Drop every picture, then repeat the records exactly.
*** Opening of Task input ***
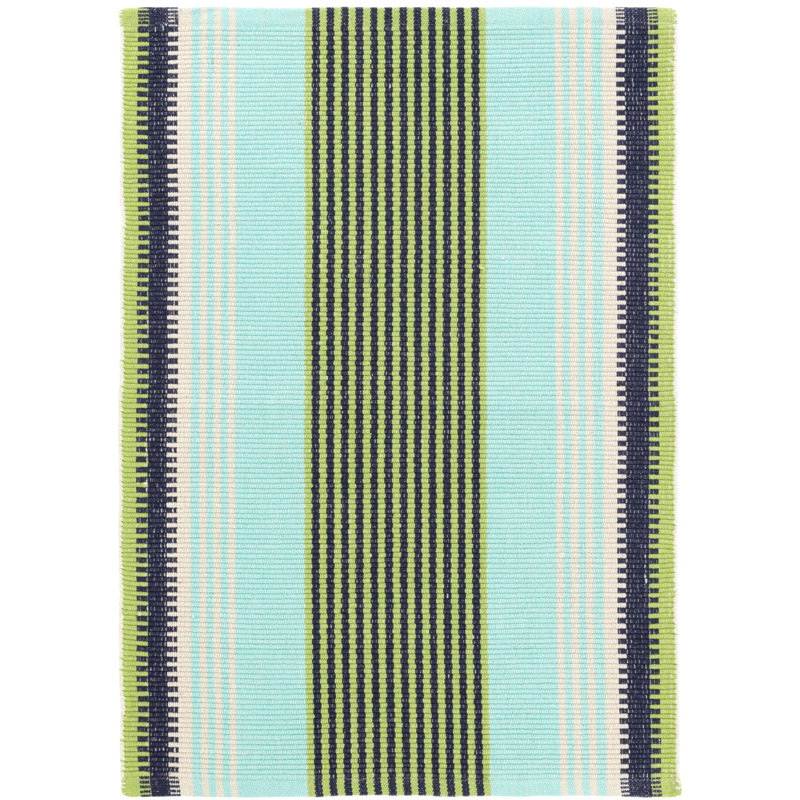 Dash and Albert Rugs Hollis Stripe Handmade Flatweave Cotton Blue/Green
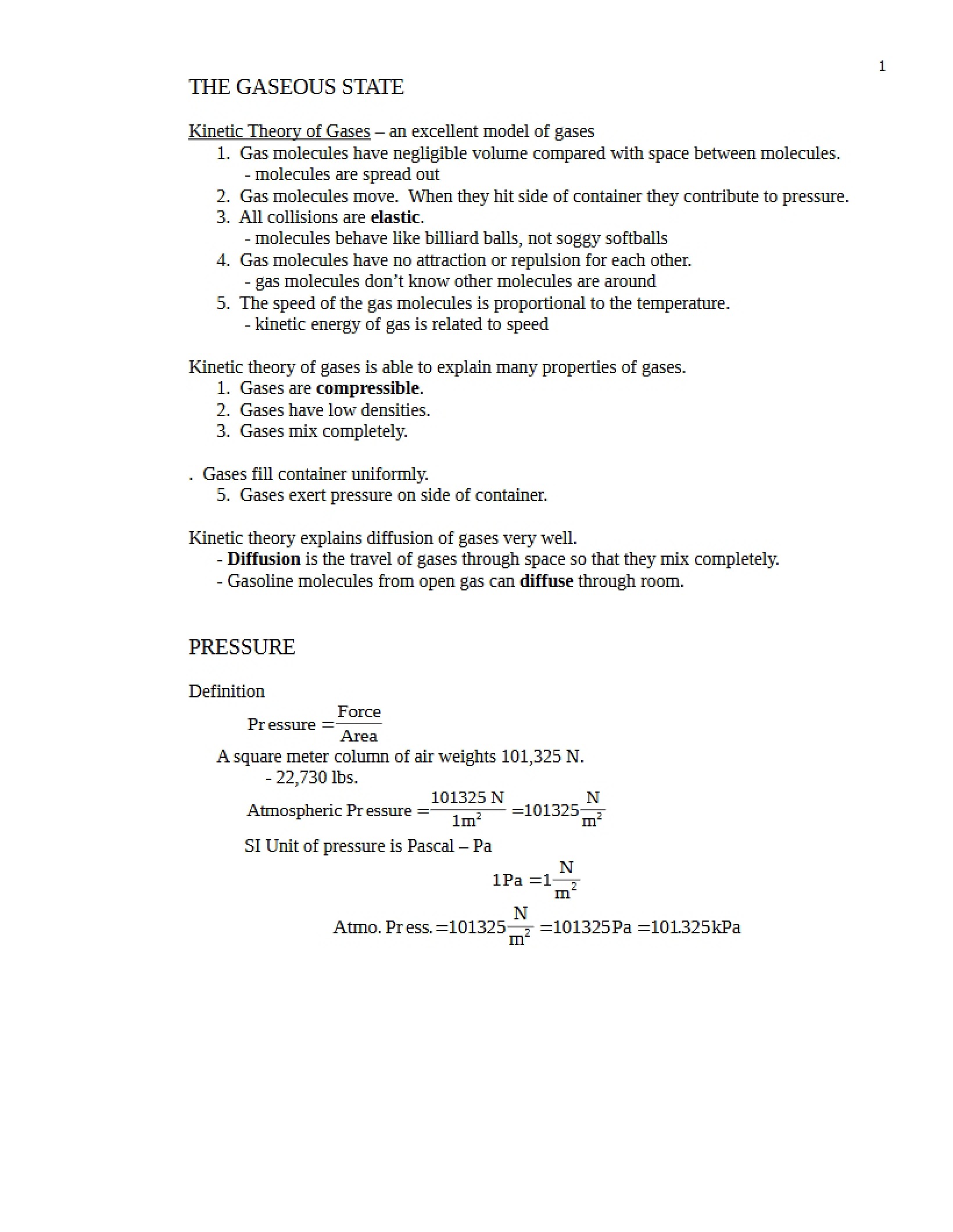 Gaseous State Overview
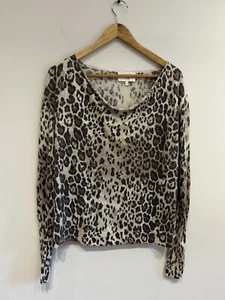 Damsel In A Dress Animal Print Womens Long Sleeve Top UK 12 Wool Cashmere Mix - Picture 1 of 4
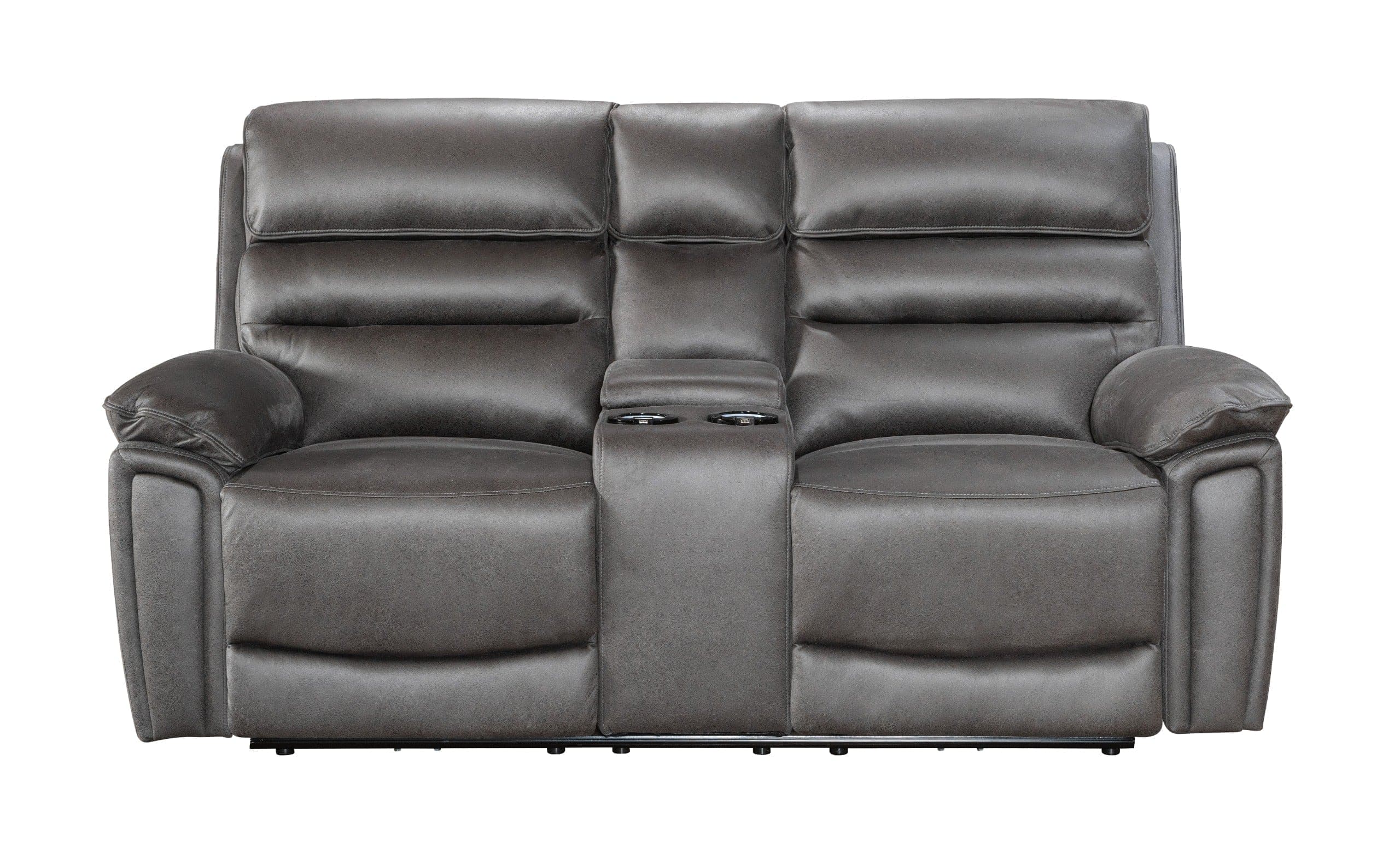 Donald Suede Fabric Power Reclining Sofa Range Suite Set With USB Charging Ports & Drop Down Tray Table - Image 12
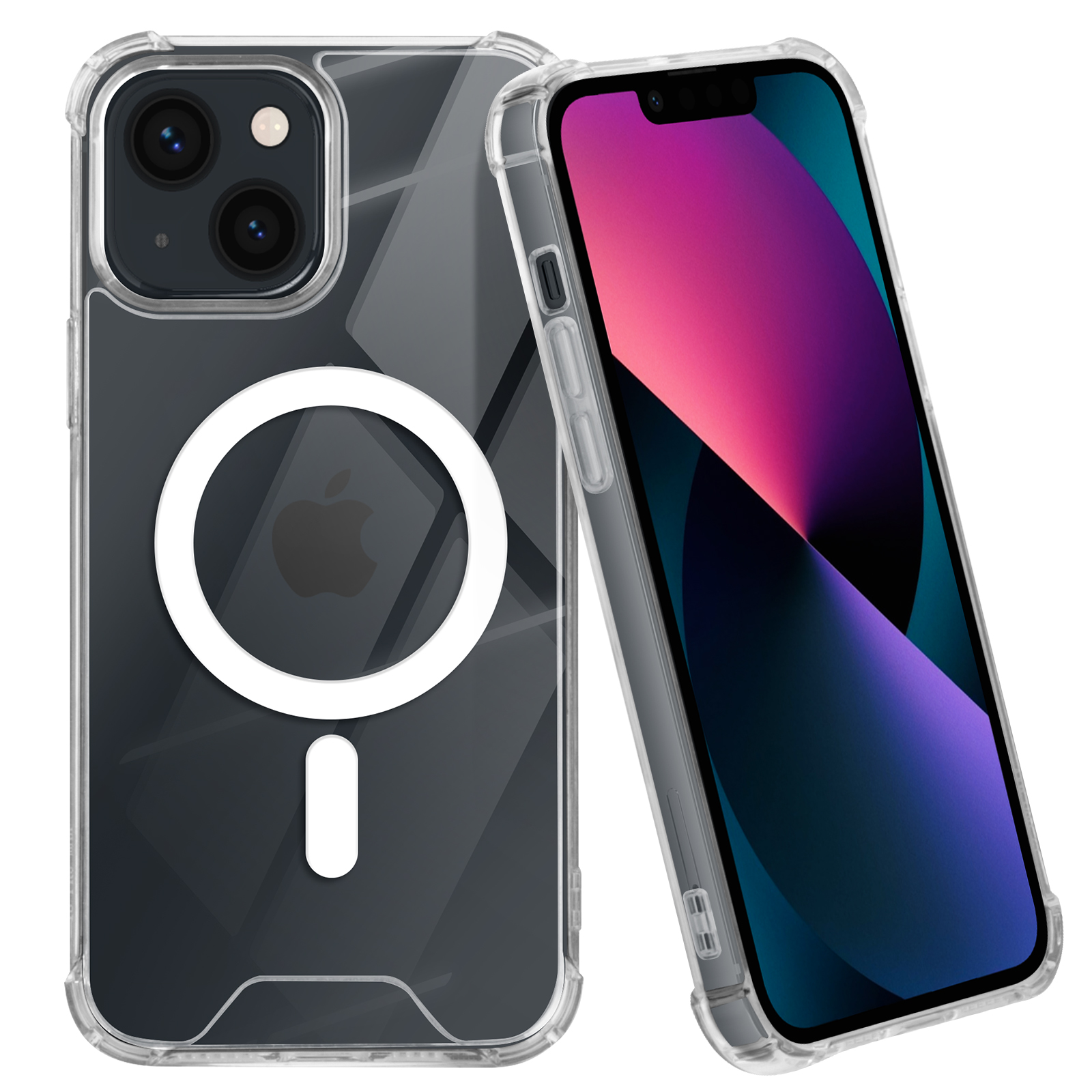 Coque transparente avec logo Apple blanc. Le téléphone a un écran coloré.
*** Close of Task input ***
◆ Task solution:
 Dash and Albert Rugs Hollis Stripe Handmade Flatweave Cotton Blue/Green
 Gaseous State Overview
 Damsel In A Dress Animal Print Womens Long Sleeve Top UK 12 Wool Cashmere Mix - Picture 1 of 4
 Donald Suede Fabric Power Reclining Sofa Range Suite Set With USB Charging Ports & Drop Down Tray Table - Image 12
 Coque transparente avec logo Apple blanc. Le téléphone a un écran coloré.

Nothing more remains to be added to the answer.